_TO DO_:
From the line that contains "冒険者ライセンスを剥奪されたおっさんだけど、愛娘ができたのでのんびり人生を謳歌する 第39話 - 6" down to the final line of the listing below, set down every line exactly, both ends included, and drop the pictures.

_GIVEN RECORDS_:
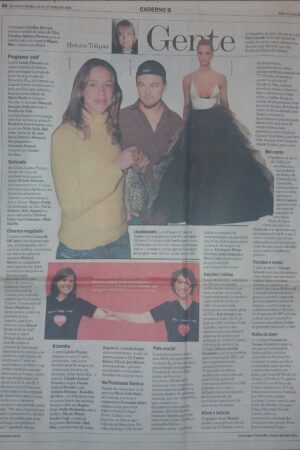 Quarta feira, 16 de Junho de 2004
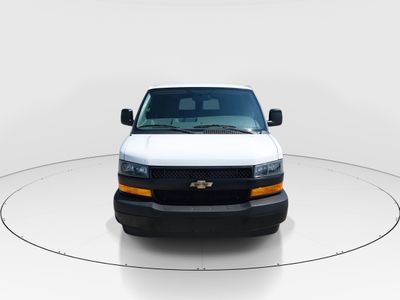 2020 Chevrolet Express Passenger - Photo 2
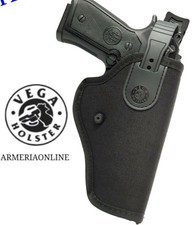 Fondina per pistola usato  Carbonia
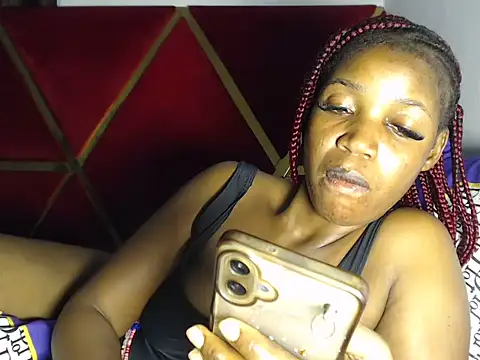 Chat XXX ao vivo de camillasoofine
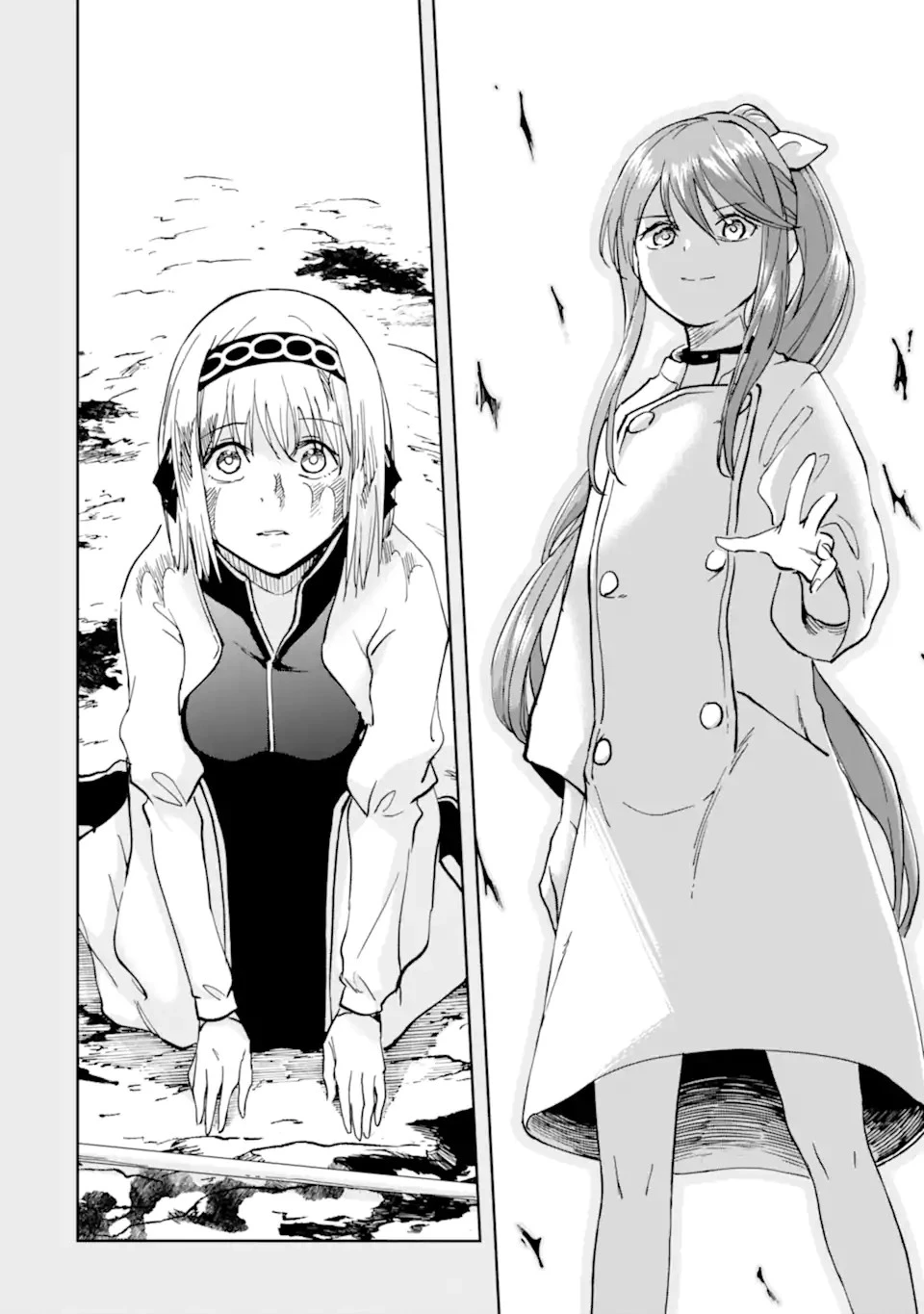 冒険者ライセンスを剥奪されたおっさんだけど、愛娘ができたのでのんびり人生を謳歌する 第39話 - 6
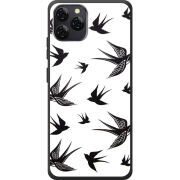 Чохол BoxFace Blackview A95 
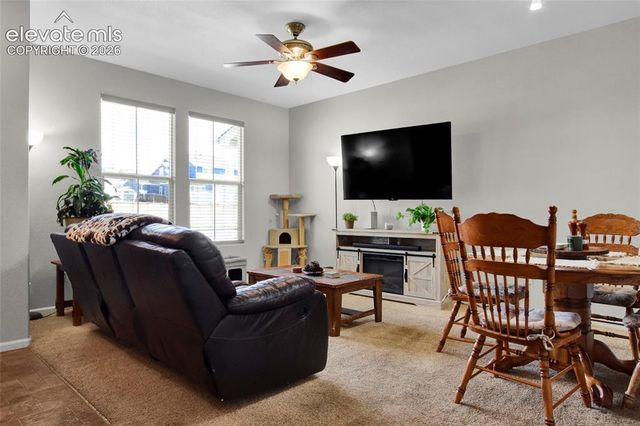7554 Sandy Springs Point, Fountain, CO 80817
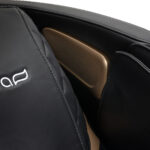 Sakura Massage Stoel Standard 801 Zwart - Afbeelding 15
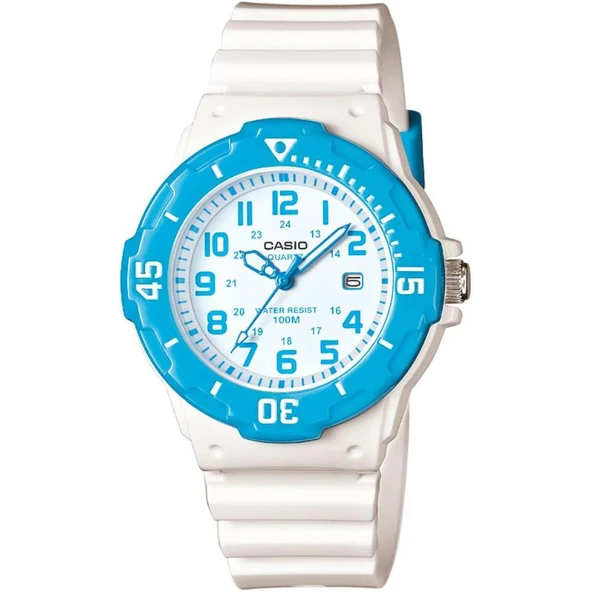 LRW-200H-2BVDF Casio Bayan Kol Saati ürün görseli 1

_ANSWER TO THIS TASK_:
 冒険者ライセンスを剥奪されたおっさんだけど、愛娘ができたのでのんびり人生を謳歌する 第39話 - 6
 Чохол BoxFace Blackview A95 
7554 Sandy Springs Point, Fountain, CO 80817
 Sakura Massage Stoel Standard 801 Zwart - Afbeelding 15
 LRW-200H-2BVDF Casio Bayan Kol Saati ürün görseli 1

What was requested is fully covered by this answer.